Task directions
Beginning at the line that includes "721 Branch Rd Seguin, TX 78155" in the entries below, print each line exactly as it appears, through the last one.

(Extracted material Opens)

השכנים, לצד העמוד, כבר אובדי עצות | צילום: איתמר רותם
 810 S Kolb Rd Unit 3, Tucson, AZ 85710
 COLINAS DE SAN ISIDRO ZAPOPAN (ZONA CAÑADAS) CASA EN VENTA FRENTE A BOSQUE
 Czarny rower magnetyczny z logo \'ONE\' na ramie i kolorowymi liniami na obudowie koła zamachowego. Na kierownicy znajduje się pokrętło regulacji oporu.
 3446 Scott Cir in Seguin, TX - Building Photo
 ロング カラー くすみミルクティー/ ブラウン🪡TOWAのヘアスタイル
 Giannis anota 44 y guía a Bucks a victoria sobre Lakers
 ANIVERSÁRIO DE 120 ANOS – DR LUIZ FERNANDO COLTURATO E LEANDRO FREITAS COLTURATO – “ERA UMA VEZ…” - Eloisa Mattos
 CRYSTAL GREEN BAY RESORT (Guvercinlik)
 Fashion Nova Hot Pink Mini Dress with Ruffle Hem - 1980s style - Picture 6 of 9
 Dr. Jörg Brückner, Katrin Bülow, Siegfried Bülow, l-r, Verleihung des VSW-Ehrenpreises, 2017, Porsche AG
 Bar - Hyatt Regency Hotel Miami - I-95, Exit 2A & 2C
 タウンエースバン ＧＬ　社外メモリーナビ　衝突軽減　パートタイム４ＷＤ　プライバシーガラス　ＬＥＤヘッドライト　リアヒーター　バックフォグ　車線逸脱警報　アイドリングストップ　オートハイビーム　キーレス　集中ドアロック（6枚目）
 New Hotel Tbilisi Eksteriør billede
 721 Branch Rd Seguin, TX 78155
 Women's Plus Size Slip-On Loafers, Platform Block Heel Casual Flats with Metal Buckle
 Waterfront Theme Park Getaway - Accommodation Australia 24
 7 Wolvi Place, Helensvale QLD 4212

(Extracted material Closes)

Exercise response
 721 Branch Rd Seguin, TX 78155
 Women's Plus Size Slip-On Loafers, Platform Block Heel Casual Flats with Metal Buckle
 Waterfront Theme Park Getaway - Accommodation Australia 24
 7 Wolvi Place, Helensvale QLD 4212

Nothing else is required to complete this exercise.